I linked to a very long video on this topic in a previous post. Did you look at it?
I didn't watch it all - I just scanned through it and bookmarked it to have a more detailed look at later - but it's all in C ( I've written my assembler before in BASIC and it works OK - but writing in Assembly is very different when building an assembler... )
In basic I just matched bytes to tokens while in assembly I'm assembling command bytes from different things, and trying to reuse code as much as possible... Which improves reliability also... And I'm making a lot of mistakes, but I started with the lexical analyzer and then build the mathematical process parts then some basic assembler directive like ORG so I could test the maths then I went onto the instructions starting with LD. I'm about 75% of the way through the first page of opcodes now.
Also, my lexical analyzer doesn't permit a "peek" ahead, so I can't look at what's coming next to see what to do with what I have. Also, I don't store what I have unless it's related to a calculation.
This streamlines the code a lot. If a routine is called and not needed, it steps back and out of the way, so I call one of two token fetches -
1. Get the next token and stop on any named operator, or whitespace or EOL, that is encountered. Used for labels with a colon and for instructions and directives.
2. Same as 1 but ignore any and all whitespace. Used for anything after the instruction. This means LD A,B and LD A , B are read the same and return the same token.
Also, operators are not included in the token fields. The only exception to this is the ')' token when used with IX+DISP) since the DISP can be a calculation, and ) is not a valid number, and is not supported in mathematical labels for this reason.
When it comes to characters, I prefer the differentiation between strings (in double quotes) and characters (in single quotes). Only characters are useful for arithmetic. Generally, I am also a fan of rejecting invalid input and decent error messages. Simply using software should not require having the documentation in a binder next to the keyboard because the author decided to be cryptic.
The more I've been thinking of that, the more I realize I need to put better error reporting in... I'm writing it and I've already started to forget what the order of the number is while debugging.

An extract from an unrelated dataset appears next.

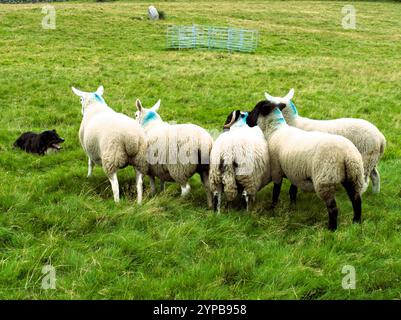 Il cane di Collie Bob tiene la postazione con un gregge di pecore su Dartmoor in attesa del suo prossimo comando dal pastore per portarli alla penna di metallo Foto Stock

But I figure out I need to include which term in a line caused the issue, as knowing the line doesn't always mean I notice which part of a line is faulty. Errors cause a hard stop, but warnings will not affect assembly.
Also, I hate having to remember that " means string and ' means character, so I just decided " and ' both mean the same thing, which means I can do stuff like;
EQU DQUOTE,'"'
EQU SQUOTE,"'"
EQU CHAR,'A'
DB STRING,'THIS IS A STRING'
DB LEADING_BIT8_SET,$80+'STRING'
DB TRAILING_BIT8_SET,'STRING'+$80
DB SENTENCE,"Here's a sentence with an apostrophe."
DB SQUOTED,"'This would be single-quoted text'"
DB DQUOTED,'"This would be double-quoted text"'
But they must be closed by the same. For example, LD A,'A" would be invalid.
So DB means Byte, Bytes, Strings, etc... Any sequence of 8 bits.
DW strictly means two bytes, little endian, value expansions only.
BLOCK means a number of reserved bytes of a specific character.
This makes it very simple, is versatile and I don't think there's anything I can't do that would require bytes and a byte to be different directives.
How do you differentiate between label names clashing with instructions, i.e. "LD A, 0x33" vs "LD: LD A, 0x33"?
Oh, the colon differentiates it... And that'a perfectly valid syntax and works most of the time. For example, I use instruction names for the strings to make it easier to read...
eg
LD: DB 2,'LD' ; The LD command as found by the lexical analyzer.
LD DE,LD
CALL TESTLOOP
JP Z,LD_COMMANDS
etc.
But for DE, I had to use something different, eg,
DE_REG: DB 2,'DE'
LD DE,DEREG
Because clearly DE is a recognized register.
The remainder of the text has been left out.